Vatandaşlıktan çıkarıldıktan sonra
İstanbul’daki Rus Konsolosluğu da, Vali’den Troçki’nin artık Rus
vatandaşı olmadığı gerekçesiyle “gösterilen ilginin kaldırılmasını”
istemişti. Ancak İçişleri Bakanlığı bu öneriyi reddetti ve Türk
topraklarından çıkıncaya kadar güvenlik önlemlerini kaldırmayacağını
bildirdi.
Başbakan İnönü’nün Rusya’ya gidişi ve Türk-Sovyet
ilişkilerindeki yeni gelişmeler Troçki’yi iyice kuşkulandırmıştı.
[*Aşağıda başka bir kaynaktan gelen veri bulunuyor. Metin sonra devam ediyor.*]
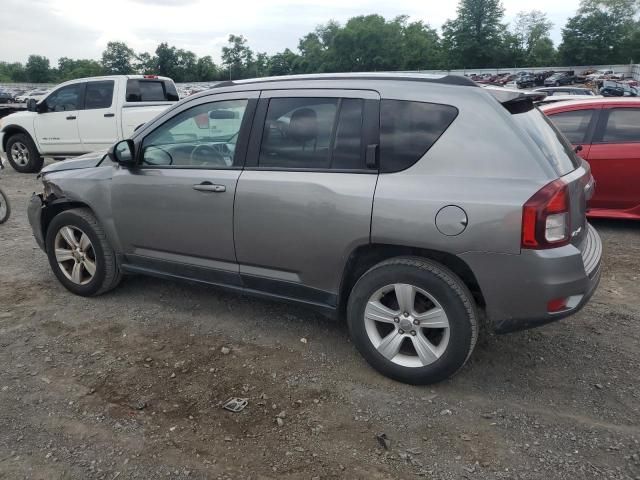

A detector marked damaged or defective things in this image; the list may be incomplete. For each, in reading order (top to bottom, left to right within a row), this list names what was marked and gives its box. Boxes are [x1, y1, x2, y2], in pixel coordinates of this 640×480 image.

Stalin’in Türkiye’ye baskı yapacağını ve buna Türklerin boyun eğeceğini
düşünüyordu. Bu yüzden Fransa’dan vize istedi. Daladier hükümeti bu kez
isteği kabul etti ama 2 yıl sonra Norveç’e geçmek zorunda kaldı. Orada
da barınamadı. Sonunda Meksika’ya sığındı. Stalinciler tarafından
amansızca izleniyordu.
Son 1940’ın 20 Ağustos’undaydı. O gün Stalinci bir komünist olan İspanyol asıllı Ramon Mercader tarafından Troçki'ye suikast düzenlendi. Öldüğünde 62 yaşındaydı.